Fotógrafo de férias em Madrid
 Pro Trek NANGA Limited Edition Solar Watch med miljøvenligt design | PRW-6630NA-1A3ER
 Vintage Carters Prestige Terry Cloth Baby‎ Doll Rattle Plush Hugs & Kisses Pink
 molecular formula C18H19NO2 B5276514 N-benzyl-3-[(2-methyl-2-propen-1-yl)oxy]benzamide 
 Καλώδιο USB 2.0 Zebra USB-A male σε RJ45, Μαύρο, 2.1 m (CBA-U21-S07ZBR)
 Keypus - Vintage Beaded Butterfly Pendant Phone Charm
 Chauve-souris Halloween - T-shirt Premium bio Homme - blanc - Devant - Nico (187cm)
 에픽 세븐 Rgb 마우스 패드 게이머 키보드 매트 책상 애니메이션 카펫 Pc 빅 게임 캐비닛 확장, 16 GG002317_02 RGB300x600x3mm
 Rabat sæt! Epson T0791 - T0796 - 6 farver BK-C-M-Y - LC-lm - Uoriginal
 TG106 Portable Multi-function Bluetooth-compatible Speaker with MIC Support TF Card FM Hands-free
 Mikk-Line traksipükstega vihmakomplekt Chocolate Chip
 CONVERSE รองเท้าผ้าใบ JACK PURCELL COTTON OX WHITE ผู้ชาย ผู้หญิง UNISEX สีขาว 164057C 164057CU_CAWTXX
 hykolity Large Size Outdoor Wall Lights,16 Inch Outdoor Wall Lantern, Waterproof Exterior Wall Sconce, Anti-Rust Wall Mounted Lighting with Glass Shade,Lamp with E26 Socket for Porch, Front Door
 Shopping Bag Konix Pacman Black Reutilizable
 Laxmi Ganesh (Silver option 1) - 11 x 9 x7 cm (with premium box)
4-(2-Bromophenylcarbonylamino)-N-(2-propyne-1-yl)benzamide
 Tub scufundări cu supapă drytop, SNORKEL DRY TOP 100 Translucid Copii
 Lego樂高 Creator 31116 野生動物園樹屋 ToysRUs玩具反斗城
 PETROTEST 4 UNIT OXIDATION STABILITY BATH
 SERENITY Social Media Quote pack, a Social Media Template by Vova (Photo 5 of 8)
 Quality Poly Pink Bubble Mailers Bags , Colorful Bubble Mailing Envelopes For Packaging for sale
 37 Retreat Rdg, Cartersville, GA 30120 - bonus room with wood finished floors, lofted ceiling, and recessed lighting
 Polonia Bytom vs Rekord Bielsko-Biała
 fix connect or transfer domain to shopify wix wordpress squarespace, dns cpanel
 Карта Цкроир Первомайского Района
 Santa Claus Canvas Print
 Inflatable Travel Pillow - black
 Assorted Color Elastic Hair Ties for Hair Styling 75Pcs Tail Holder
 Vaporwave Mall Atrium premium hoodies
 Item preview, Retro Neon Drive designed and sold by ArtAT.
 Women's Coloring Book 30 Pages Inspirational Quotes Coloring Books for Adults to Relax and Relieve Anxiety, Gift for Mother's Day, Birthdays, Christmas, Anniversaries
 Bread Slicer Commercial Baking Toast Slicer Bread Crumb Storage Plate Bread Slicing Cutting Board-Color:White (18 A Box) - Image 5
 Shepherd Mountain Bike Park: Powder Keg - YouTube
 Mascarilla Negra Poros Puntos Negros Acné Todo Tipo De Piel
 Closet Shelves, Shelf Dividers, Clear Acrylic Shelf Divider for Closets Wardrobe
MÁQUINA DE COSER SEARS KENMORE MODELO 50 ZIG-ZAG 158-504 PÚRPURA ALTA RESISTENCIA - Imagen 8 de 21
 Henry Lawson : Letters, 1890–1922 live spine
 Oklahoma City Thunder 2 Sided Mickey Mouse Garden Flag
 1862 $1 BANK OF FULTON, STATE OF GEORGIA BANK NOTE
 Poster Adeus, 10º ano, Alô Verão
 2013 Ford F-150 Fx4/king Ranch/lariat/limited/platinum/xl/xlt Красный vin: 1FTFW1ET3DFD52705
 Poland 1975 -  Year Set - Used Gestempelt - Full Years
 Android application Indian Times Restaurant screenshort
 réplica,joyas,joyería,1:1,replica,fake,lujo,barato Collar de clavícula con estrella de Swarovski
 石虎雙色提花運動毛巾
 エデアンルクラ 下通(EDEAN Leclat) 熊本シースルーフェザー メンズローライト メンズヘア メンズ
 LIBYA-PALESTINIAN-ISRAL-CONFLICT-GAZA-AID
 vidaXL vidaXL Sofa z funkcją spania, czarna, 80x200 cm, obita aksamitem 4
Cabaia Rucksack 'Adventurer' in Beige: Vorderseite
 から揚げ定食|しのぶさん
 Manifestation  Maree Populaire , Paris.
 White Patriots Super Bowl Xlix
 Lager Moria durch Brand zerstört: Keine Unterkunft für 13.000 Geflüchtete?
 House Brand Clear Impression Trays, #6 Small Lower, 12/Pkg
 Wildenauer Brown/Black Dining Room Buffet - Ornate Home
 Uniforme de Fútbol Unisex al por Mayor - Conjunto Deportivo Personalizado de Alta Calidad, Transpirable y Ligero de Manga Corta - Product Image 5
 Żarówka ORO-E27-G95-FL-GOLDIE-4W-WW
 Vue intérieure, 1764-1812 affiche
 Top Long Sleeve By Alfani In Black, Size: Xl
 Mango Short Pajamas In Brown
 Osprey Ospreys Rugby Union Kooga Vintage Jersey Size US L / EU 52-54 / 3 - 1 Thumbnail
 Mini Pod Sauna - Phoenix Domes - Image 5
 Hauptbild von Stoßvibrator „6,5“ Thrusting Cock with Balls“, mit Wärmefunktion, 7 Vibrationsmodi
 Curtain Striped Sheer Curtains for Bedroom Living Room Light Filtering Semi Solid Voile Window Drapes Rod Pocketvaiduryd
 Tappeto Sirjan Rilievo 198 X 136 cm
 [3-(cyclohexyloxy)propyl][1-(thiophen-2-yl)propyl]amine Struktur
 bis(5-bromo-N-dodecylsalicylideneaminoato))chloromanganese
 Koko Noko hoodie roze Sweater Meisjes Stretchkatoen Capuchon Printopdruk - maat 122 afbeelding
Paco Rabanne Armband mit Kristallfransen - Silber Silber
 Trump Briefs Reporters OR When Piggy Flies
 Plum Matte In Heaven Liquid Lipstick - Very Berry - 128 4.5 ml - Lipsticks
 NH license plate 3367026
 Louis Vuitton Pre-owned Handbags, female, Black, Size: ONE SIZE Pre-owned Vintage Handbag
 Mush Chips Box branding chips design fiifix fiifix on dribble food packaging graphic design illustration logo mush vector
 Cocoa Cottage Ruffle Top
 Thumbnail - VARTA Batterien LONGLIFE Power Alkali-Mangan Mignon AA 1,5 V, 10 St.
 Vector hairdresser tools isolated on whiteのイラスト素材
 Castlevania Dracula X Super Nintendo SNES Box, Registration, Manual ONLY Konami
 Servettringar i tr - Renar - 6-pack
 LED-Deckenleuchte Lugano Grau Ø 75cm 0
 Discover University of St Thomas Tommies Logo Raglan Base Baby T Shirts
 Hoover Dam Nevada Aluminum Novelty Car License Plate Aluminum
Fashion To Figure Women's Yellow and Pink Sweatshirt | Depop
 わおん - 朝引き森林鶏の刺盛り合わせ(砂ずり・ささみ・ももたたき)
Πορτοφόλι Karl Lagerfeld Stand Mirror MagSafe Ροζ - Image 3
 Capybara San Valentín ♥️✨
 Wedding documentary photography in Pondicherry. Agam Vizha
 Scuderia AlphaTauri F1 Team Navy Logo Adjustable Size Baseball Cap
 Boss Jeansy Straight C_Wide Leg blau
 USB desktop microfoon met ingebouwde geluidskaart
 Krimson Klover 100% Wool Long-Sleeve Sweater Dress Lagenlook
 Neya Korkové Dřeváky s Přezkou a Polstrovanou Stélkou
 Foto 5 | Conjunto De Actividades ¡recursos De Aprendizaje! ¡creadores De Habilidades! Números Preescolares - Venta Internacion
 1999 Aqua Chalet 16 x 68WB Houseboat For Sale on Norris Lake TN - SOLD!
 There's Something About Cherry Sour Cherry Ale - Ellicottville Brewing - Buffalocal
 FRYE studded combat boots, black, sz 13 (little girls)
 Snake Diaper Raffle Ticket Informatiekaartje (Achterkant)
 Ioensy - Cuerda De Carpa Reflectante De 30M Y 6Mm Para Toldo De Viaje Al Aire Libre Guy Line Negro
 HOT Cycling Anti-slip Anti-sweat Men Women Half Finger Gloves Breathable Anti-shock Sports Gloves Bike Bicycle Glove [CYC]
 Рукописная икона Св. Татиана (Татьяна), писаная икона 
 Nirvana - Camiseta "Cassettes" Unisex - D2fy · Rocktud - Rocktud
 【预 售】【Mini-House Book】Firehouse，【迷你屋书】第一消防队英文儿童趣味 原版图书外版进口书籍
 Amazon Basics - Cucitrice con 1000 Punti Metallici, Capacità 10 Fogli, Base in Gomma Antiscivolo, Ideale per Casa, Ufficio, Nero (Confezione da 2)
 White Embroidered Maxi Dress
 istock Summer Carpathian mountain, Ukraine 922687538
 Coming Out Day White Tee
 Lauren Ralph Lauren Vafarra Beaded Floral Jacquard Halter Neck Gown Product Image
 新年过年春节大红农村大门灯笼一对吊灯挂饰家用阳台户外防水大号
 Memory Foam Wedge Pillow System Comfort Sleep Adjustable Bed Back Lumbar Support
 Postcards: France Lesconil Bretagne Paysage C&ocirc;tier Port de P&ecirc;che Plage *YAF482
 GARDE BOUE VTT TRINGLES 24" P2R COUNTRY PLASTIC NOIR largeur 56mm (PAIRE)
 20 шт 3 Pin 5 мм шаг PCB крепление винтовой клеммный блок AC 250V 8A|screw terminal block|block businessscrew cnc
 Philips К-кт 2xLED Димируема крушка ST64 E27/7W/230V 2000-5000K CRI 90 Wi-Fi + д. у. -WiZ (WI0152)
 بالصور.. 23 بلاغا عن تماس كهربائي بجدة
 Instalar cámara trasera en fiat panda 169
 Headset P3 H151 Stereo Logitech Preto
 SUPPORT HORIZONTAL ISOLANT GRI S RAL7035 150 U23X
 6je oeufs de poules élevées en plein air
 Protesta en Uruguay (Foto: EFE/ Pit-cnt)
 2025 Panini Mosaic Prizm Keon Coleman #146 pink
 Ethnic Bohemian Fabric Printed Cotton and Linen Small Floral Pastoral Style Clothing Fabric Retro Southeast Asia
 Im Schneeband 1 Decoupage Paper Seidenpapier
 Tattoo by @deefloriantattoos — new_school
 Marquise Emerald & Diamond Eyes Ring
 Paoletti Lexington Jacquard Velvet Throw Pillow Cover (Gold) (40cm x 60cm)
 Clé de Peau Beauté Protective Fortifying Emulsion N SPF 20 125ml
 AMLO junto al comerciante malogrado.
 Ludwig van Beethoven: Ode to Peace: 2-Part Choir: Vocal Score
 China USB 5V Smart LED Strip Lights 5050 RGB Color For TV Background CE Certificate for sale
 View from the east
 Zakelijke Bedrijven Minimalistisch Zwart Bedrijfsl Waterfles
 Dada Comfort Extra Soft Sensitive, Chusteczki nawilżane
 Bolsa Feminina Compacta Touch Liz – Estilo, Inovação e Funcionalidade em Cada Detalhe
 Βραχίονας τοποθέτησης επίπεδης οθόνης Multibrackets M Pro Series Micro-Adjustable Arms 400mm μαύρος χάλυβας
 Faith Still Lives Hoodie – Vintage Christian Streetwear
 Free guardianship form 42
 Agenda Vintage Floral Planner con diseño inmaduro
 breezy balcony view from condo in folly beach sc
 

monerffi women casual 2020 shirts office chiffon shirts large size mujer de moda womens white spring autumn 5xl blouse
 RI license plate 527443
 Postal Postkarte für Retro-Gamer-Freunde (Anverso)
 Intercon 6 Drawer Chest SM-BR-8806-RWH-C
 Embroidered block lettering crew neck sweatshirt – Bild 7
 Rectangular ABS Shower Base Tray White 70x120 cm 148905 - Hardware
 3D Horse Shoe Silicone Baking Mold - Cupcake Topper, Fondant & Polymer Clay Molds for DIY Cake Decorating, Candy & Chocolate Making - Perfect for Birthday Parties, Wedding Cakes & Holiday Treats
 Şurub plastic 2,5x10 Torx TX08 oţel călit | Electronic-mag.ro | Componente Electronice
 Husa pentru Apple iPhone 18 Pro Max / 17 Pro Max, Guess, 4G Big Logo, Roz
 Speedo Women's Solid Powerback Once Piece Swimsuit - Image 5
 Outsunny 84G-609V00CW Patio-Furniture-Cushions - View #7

▬▬▬▬▬▬▬▬▬▬

• **Exercise description**
Among the records above, only the lines between the line holding "Assorted Color Elastic" and the line holding "Closet Shelves, Shelf", inclusive, are to be output, exactly as written.

• **Task answer**
 Assorted Color Elastic Hair Ties for Hair Styling 75Pcs Tail Holder
 Vaporwave Mall Atrium premium hoodies
 Item preview, Retro Neon Drive designed and sold by ArtAT.
 Women's Coloring Book 30 Pages Inspirational Quotes Coloring Books for Adults to Relax and Relieve Anxiety, Gift for Mother's Day, Birthdays, Christmas, Anniversaries
 Bread Slicer Commercial Baking Toast Slicer Bread Crumb Storage Plate Bread Slicing Cutting Board-Color:White (18 A Box) - Image 5
 Shepherd Mountain Bike Park: Powder Keg - YouTube
 Mascarilla Negra Poros Puntos Negros Acné Todo Tipo De Piel
 Closet Shelves, Shelf Dividers, Clear Acrylic Shelf Divider for Closets Wardrobe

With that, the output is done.